# freebsd-update 13.1.p1 to 13.1.p5 modified file issue.



## wiscodisco (Dec 27, 2022)

Hello,
I've got a dozen 13.1-RELEASE-p1 amd4 instances that I'm attempting to update to 13.1-RELEASE-p5.  When I run

`freebsd-update fetch` 
I get...

The following files are affected by updates. No changes have
been downloaded, however, because the files have been modified
locally:
/var/db/etcupdate/current/etc/mtree/BSD.usr.dist
/var/db/etcupdate/log
/var/db/mergemaster.mtree

How do I resolve this issue?  Thanks for your help!


----------



## Understudy (Dec 29, 2022)

You may want to clean the directory.
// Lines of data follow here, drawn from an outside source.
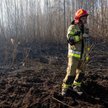 Koniec działań gaśniczych w Biebrzańskim Parku Narodowym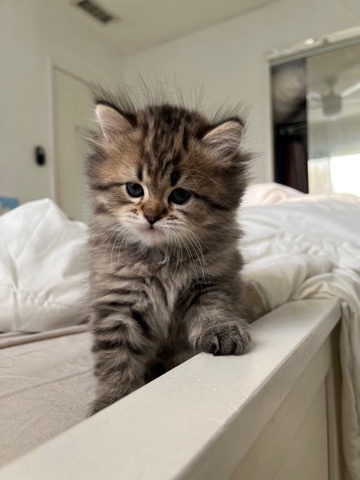 British Longhair – Persian/british longhair chinchilla mix Kittens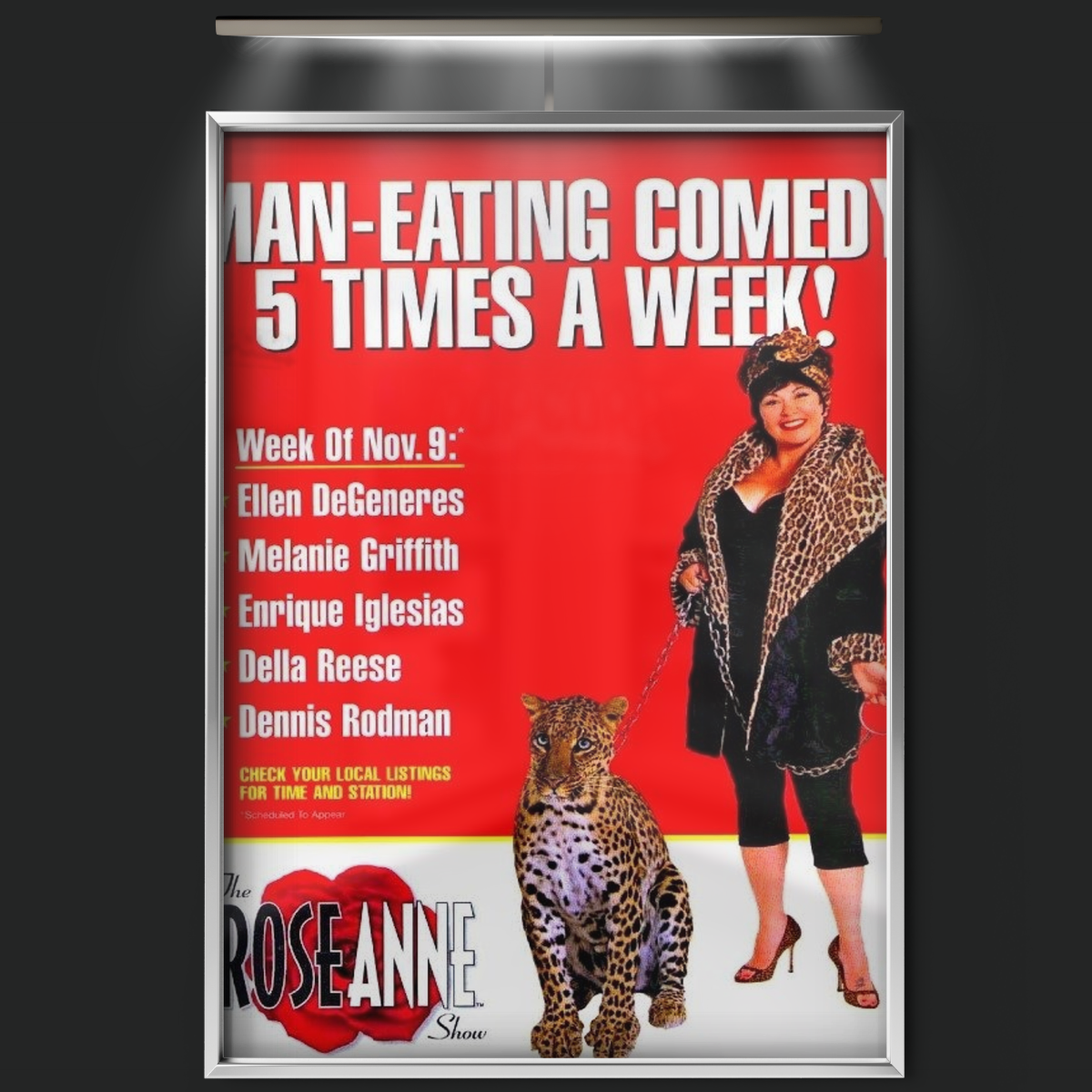The Roseanne Show (1998)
You can view this here.
https://forums.FreeBSD.org/threads/is-it-safe-to-clean-var-db-freebsd-update-files.45204/post-375328


----------



## wiscodisco (Dec 29, 2022)

Hi Understudy,

Is your suggestion to clean out /var/db/freebsd-update or /var/db/etcupdate?  Following the link you provided it seems perfectly safe to clear out /var/db/freebsd-update, but I don't see guidance on /var/db/etcupdate.  I did find in the handbook (https://docs.freebsd.org/en/books/handbook/cutting-edge/) a suggestion for cleaning if moving from mergemaster() to etcupdate() (which I did a year ago).


----------



## Alain De Vos (Dec 29, 2022)

Between  point releases there is very little change in the /etc directory ...


----------



## Understudy (Dec 30, 2022)

wiscodisco said:


> Hi Understudy,
> 
> Is your suggestion to clean out /var/db/freebsd-update or /var/db/etcupdate?  Following the link you provided it seems perfectly safe to clear out /var/db/freebsd-update, but I don't see guidance on /var/db/etcupdate.  I did find in the handbook (https://docs.freebsd.org/en/books/handbook/cutting-edge/) a suggestion for cleaning if moving from mergemaster() to etcupdate() (which I did a year ago).


You could do a copy of the files and label them .old and then delete the other files. That way if there are any issues you still have a copy.


----------